[Opening Record set section]
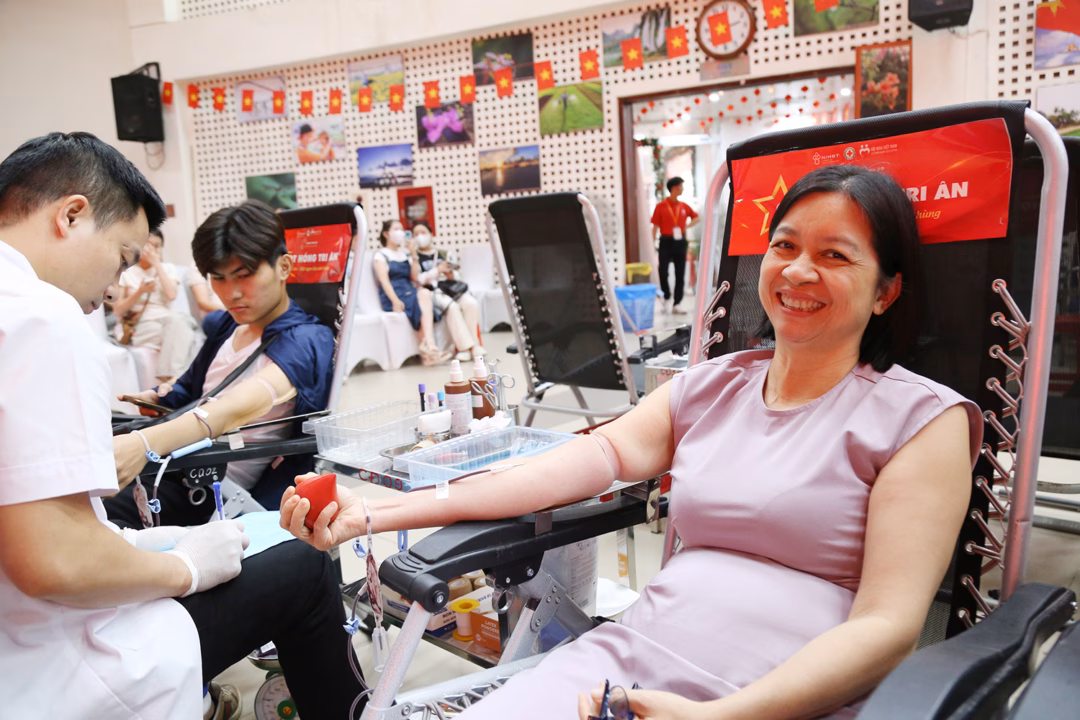 Hiến máu tình nguyện: Nhiều tổ chức và cá nhân tham gia chương trình ‘Giọt hồng tri ân’ Chị Minh Hiếu chia sẻ hành động đẹp với người bệnh.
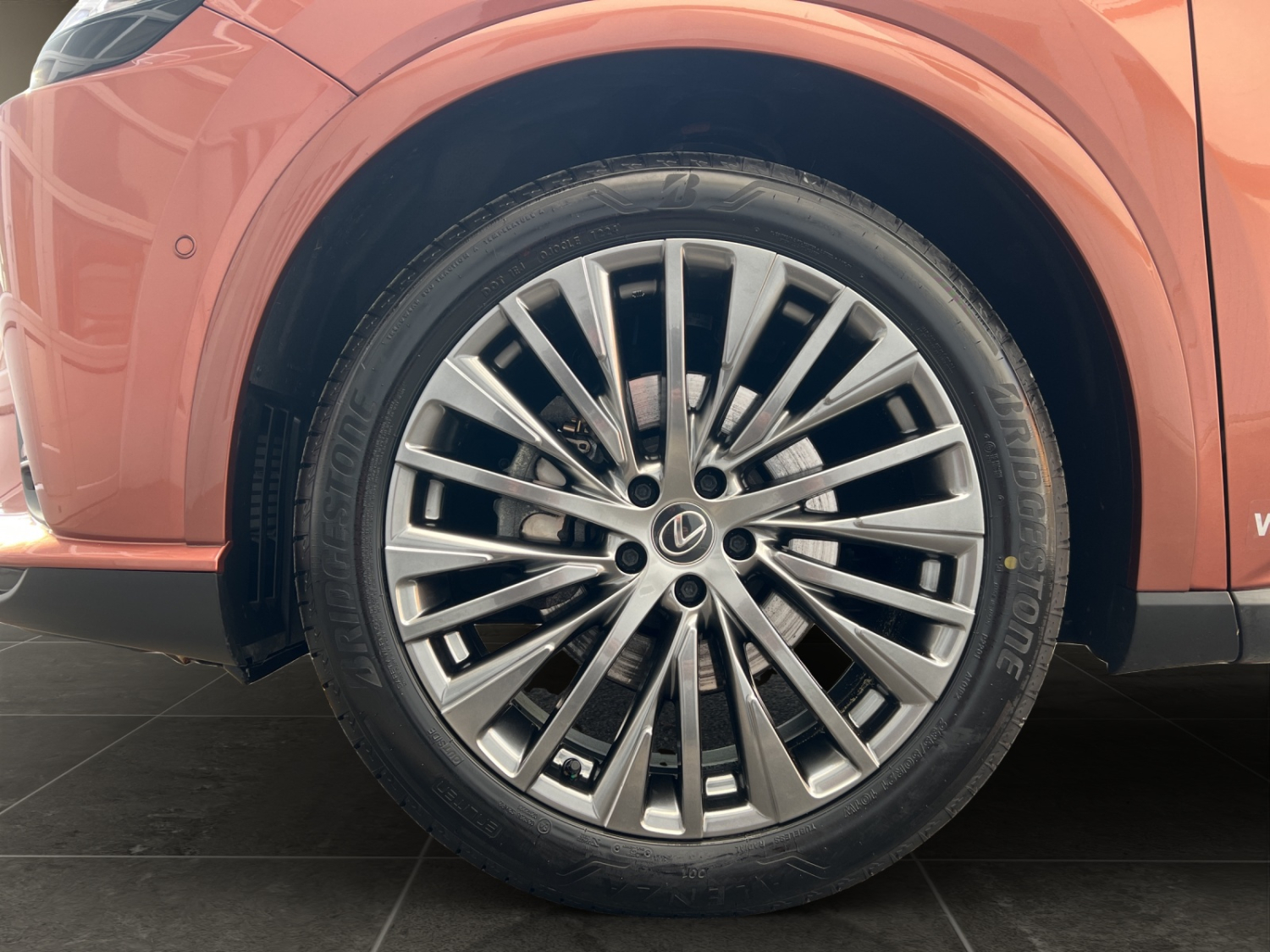 LEXUS RX 350h F-Line-image-18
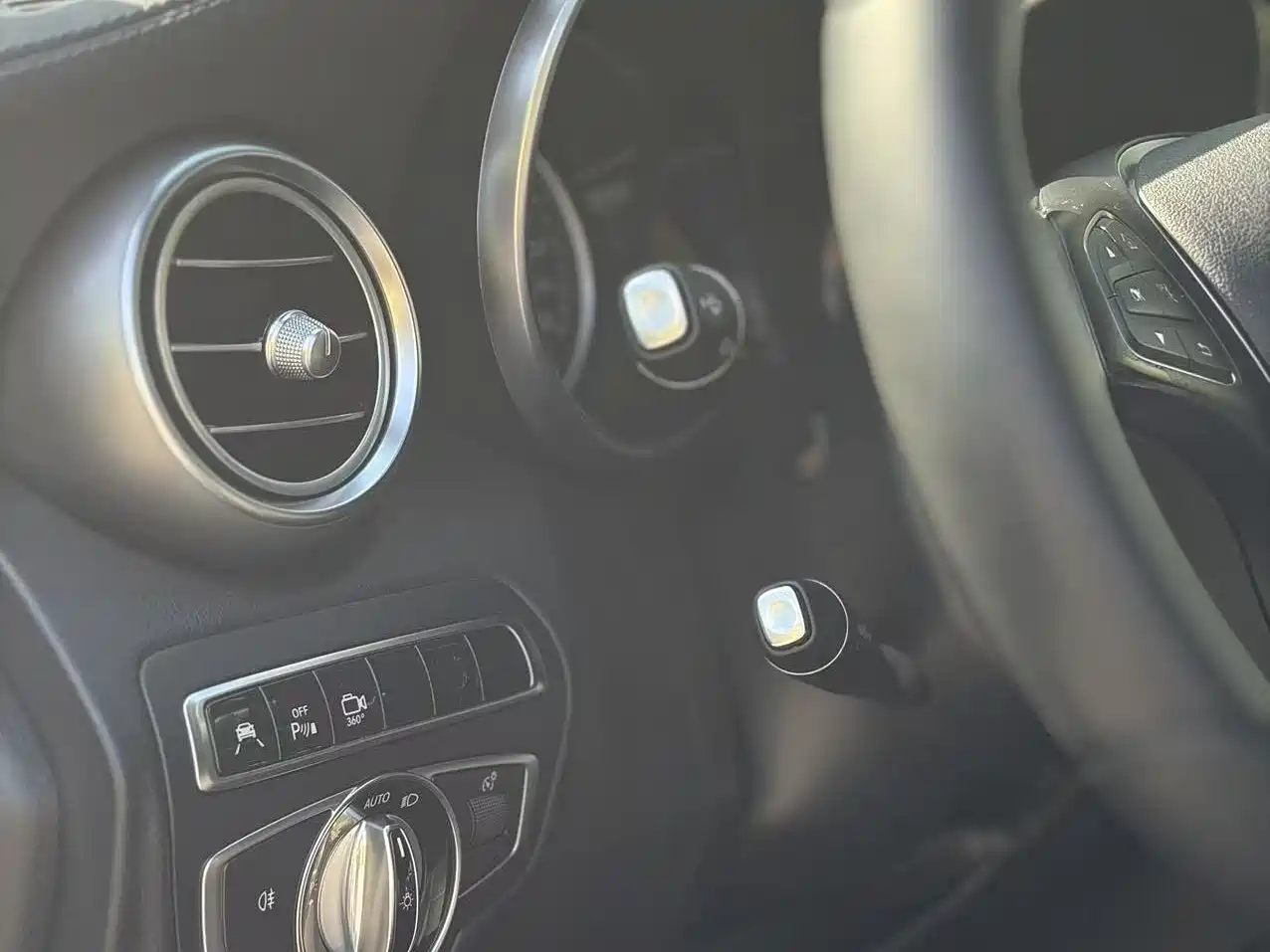 Mercedes-Benz GLC 2016 GLC 260 4MATIC Luxury фото 10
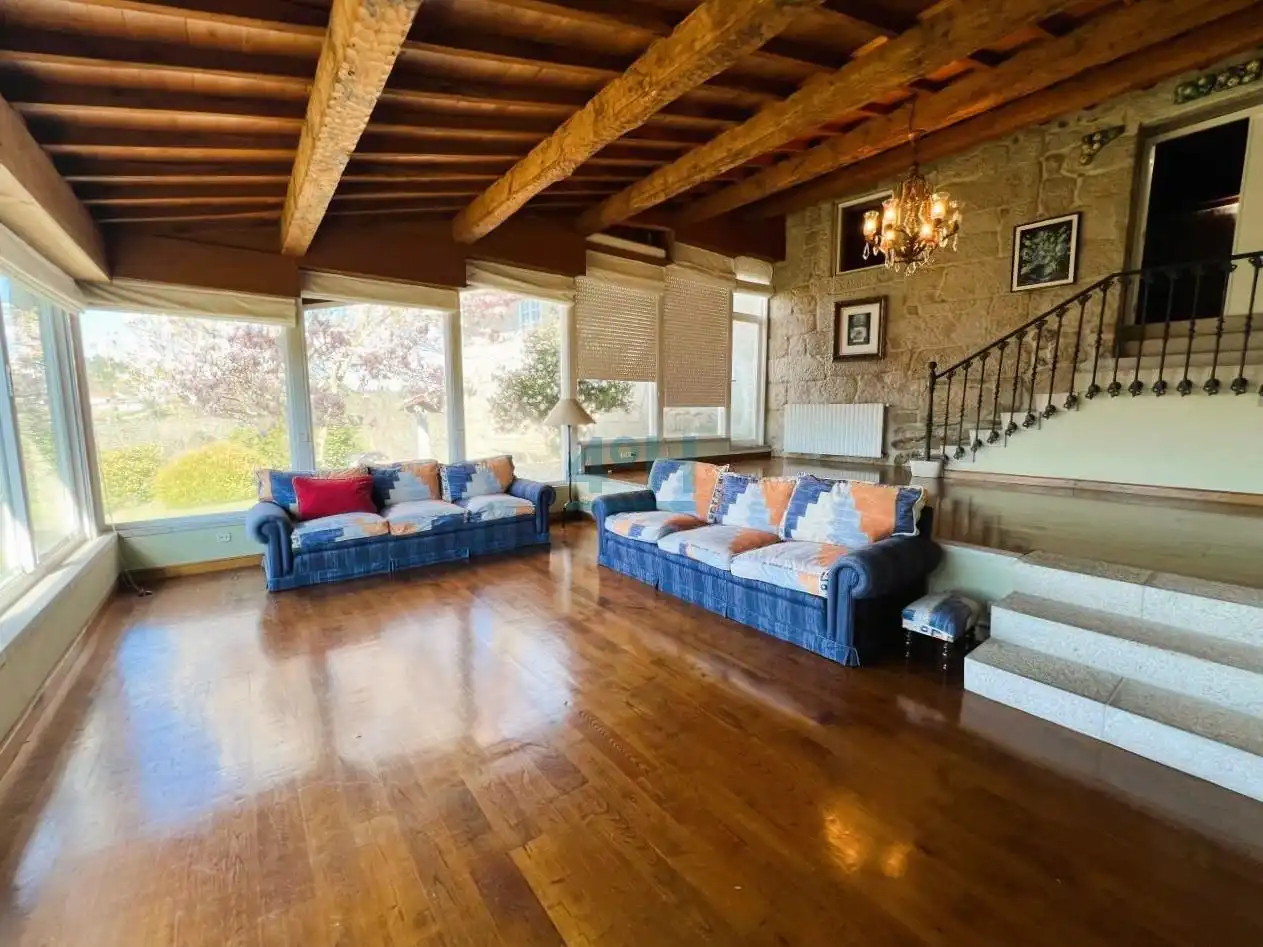 Wohnzimmer von Country house zum Verkauf in San Cibrao das Viñas mit Heizung, Privatgarten und Terrasse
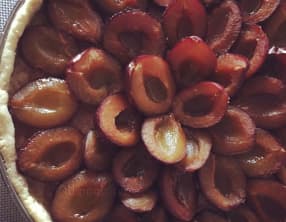 La tarte aux quetches et son crumble à la cannelle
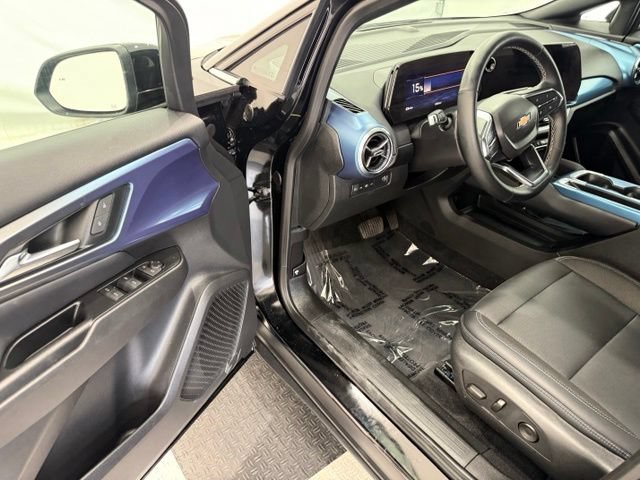 Used 2024 Chevrolet Equinox EV LT AWD/4WD image 30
[Closing Record set section]
## [What to do]
Print again, exactly, the lines of the records above from the first line through the line with "Mercedes-Benz GLC 2016". No pictures.

## [Result]
 Hiến máu tình nguyện: Nhiều tổ chức và cá nhân tham gia chương trình ‘Giọt hồng tri ân’ Chị Minh Hiếu chia sẻ hành động đẹp với người bệnh.
 LEXUS RX 350h F-Line-image-18
 Mercedes-Benz GLC 2016 GLC 260 4MATIC Luxury фото 10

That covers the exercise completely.